▶ [Material for the task]:
━━━━━━━━━━━━━━━━━━━━

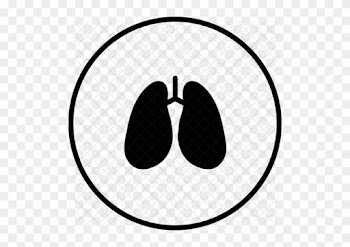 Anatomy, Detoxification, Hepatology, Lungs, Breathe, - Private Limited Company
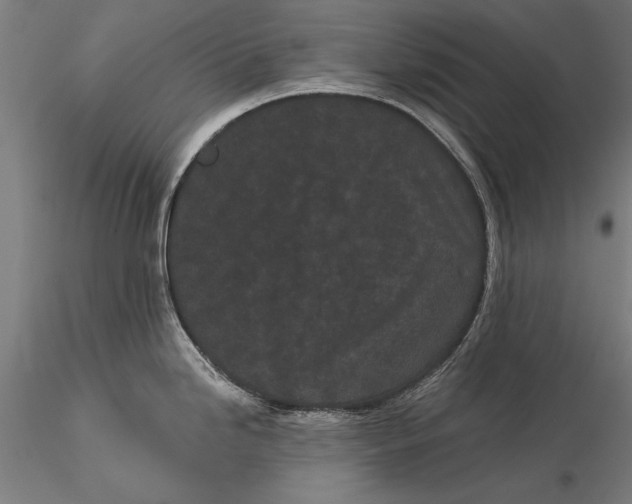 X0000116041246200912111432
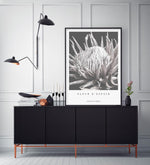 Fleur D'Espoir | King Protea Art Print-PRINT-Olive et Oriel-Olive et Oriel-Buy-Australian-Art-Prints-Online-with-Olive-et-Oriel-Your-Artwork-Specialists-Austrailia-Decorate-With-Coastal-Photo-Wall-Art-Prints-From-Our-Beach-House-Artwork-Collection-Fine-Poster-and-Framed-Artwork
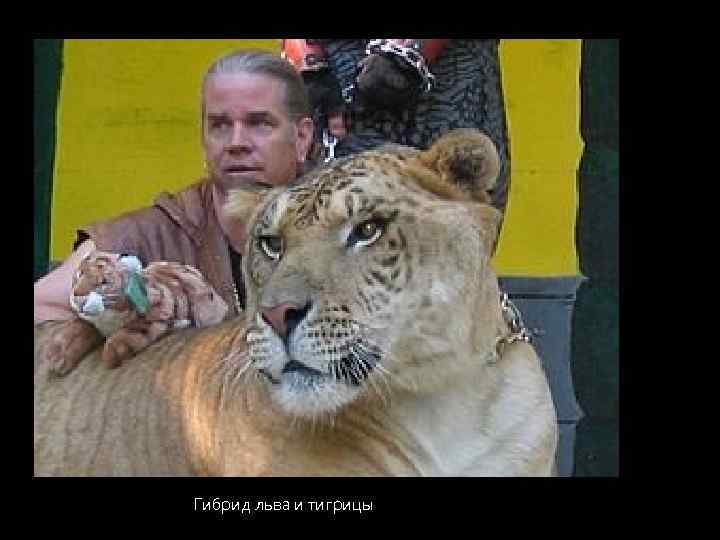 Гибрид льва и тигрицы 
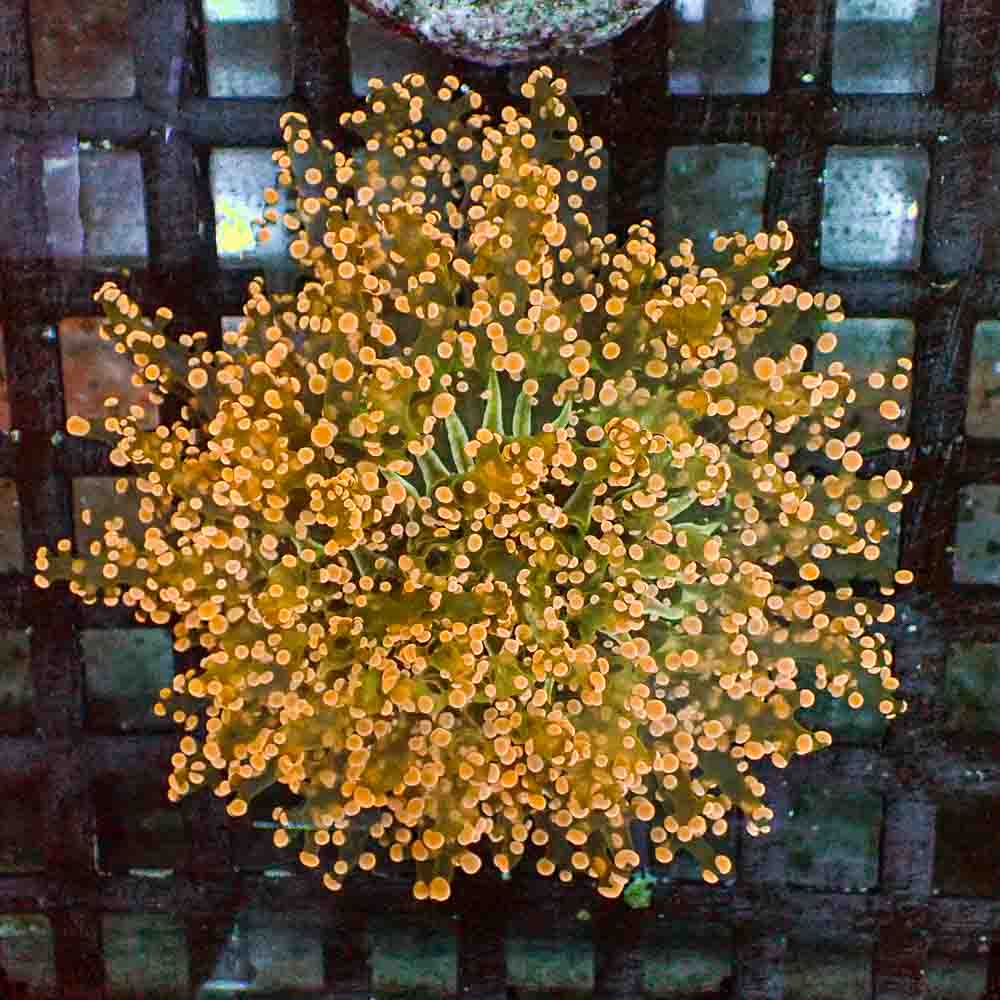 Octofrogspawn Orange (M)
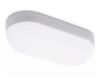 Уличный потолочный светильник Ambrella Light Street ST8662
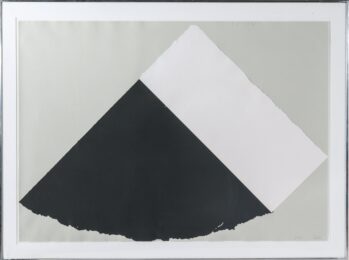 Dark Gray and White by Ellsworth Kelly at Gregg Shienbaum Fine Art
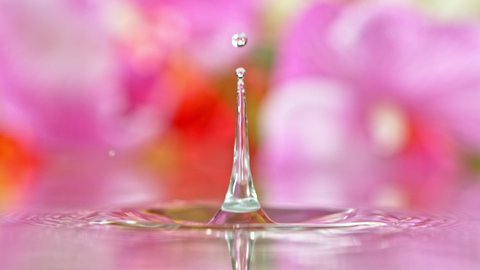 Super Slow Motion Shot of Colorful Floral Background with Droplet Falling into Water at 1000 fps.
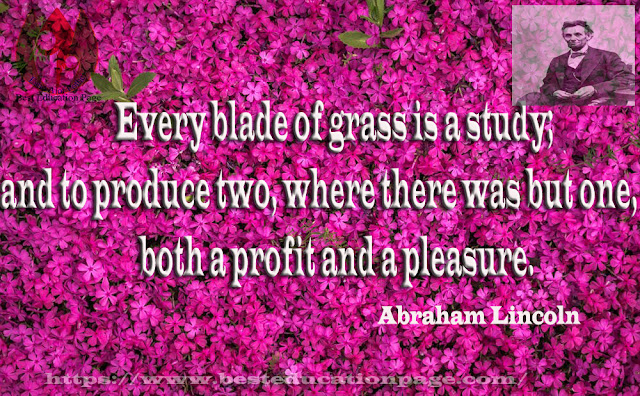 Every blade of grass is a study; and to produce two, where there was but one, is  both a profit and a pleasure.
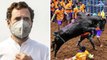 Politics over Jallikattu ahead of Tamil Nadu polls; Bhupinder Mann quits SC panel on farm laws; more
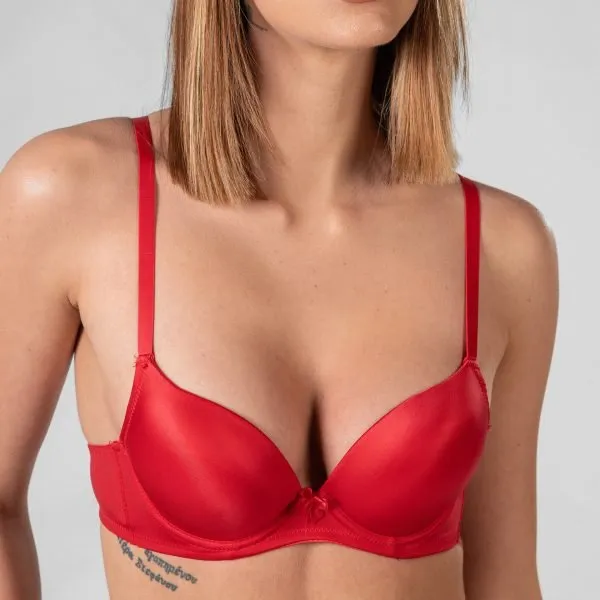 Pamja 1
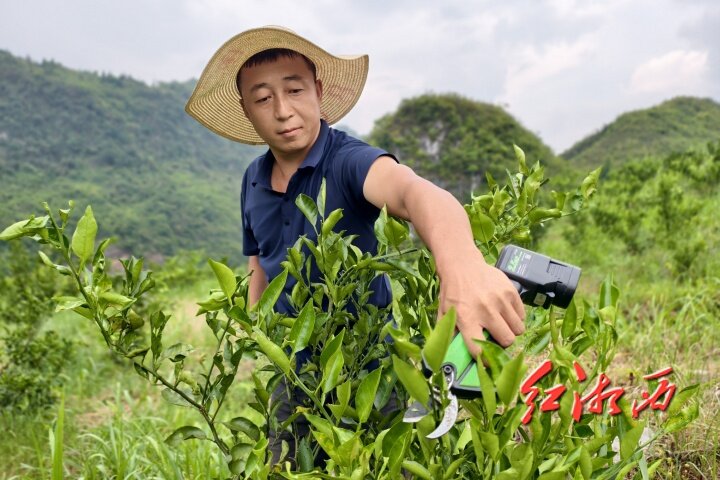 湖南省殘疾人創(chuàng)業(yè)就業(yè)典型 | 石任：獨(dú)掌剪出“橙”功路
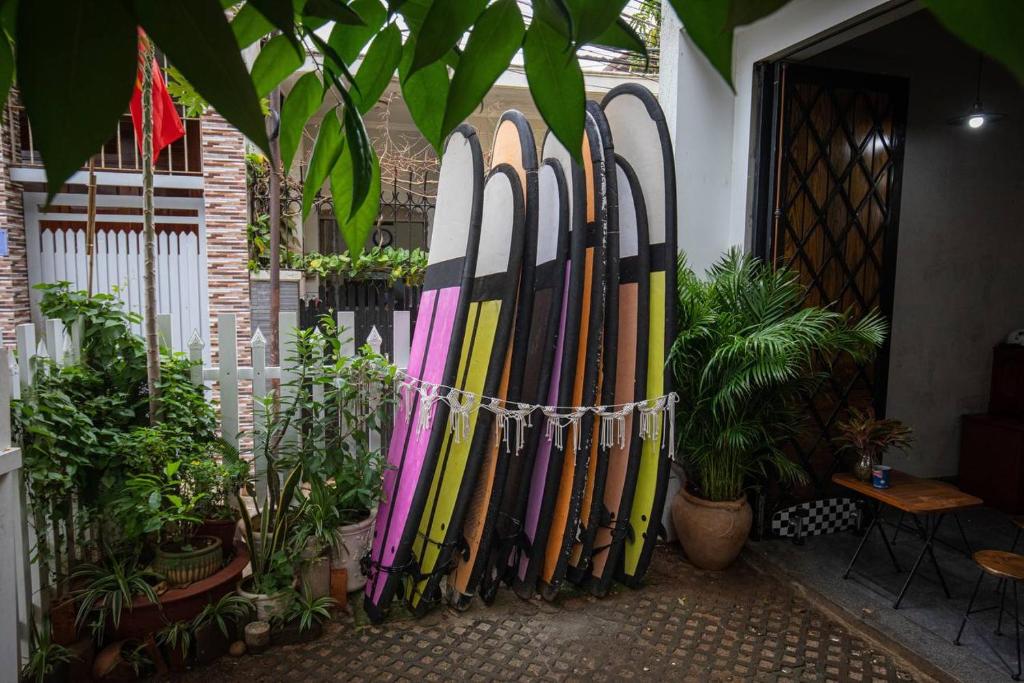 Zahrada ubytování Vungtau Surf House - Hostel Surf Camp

━━━━━━━━━━━━━━━━━━━━

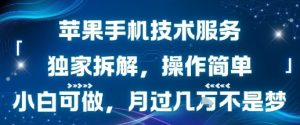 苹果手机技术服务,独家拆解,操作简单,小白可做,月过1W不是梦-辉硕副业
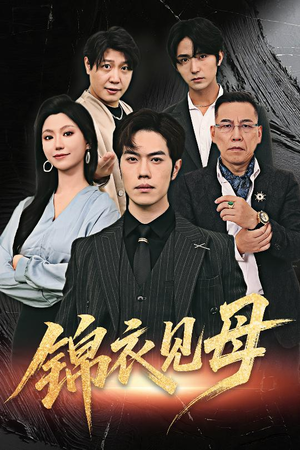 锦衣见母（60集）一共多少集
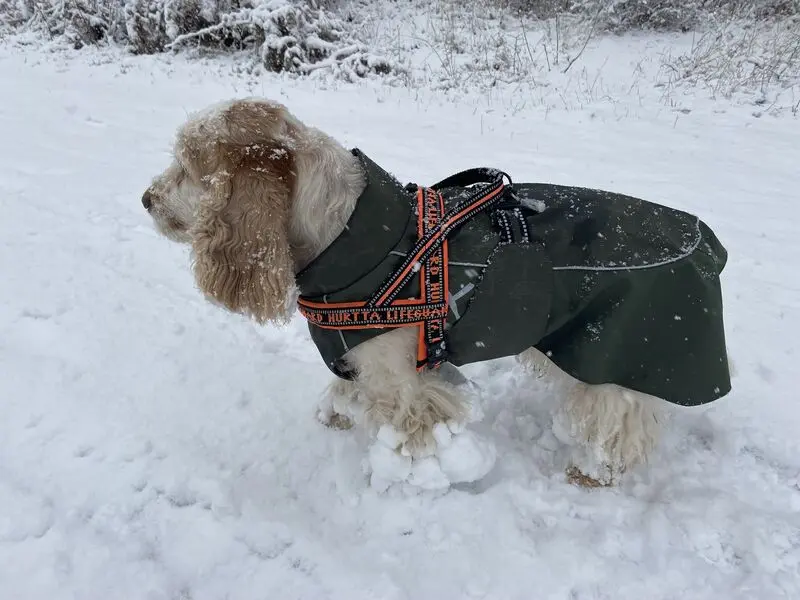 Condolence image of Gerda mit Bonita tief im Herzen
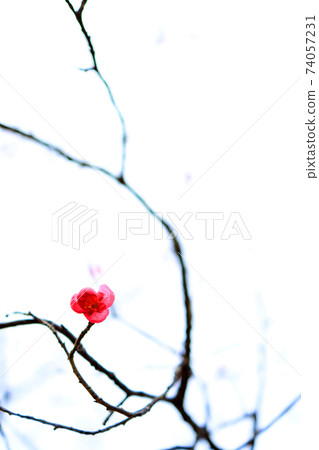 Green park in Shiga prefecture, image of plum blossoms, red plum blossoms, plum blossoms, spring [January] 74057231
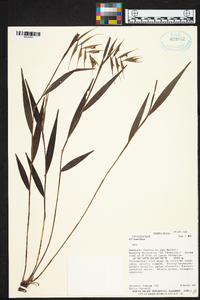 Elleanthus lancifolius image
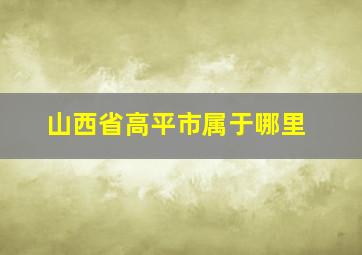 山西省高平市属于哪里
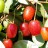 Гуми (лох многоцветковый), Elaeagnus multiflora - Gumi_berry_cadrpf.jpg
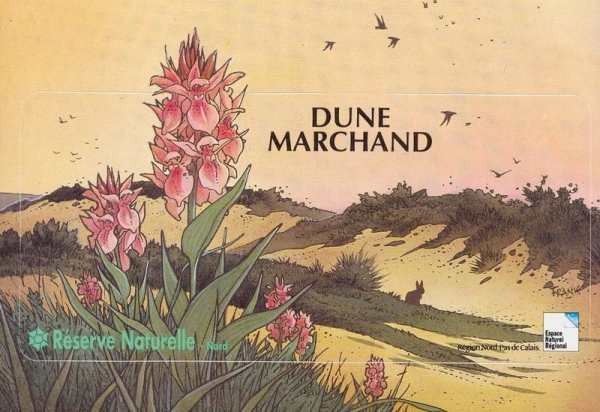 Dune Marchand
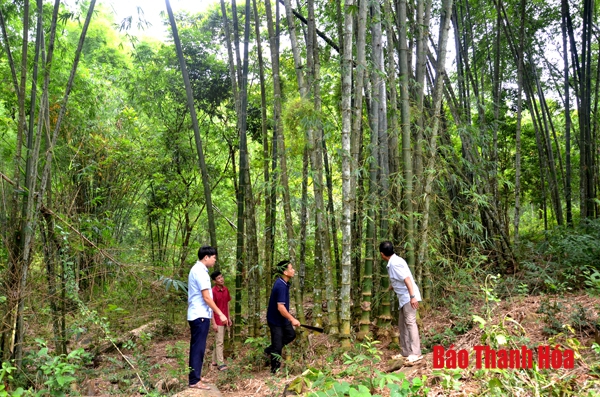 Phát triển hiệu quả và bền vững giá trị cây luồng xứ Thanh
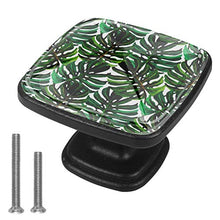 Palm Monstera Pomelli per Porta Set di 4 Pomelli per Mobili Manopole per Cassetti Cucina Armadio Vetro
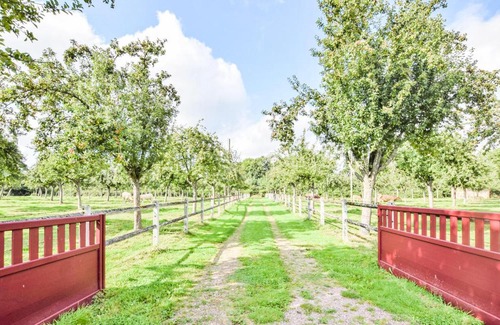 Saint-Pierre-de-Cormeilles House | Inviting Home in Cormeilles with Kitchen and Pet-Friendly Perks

━━━━━━━━━━━━━━━━━━━━

Although the records above contain pictures, the copy must not; set down exactly the lines from the one with "Anatomy, Detoxification, Hepatology, Lungs, Breathe, - Private" up to and including the one with "X0000116041246200912111432".

 Anatomy, Detoxification, Hepatology, Lungs, Breathe, - Private Limited Company
 X0000116041246200912111432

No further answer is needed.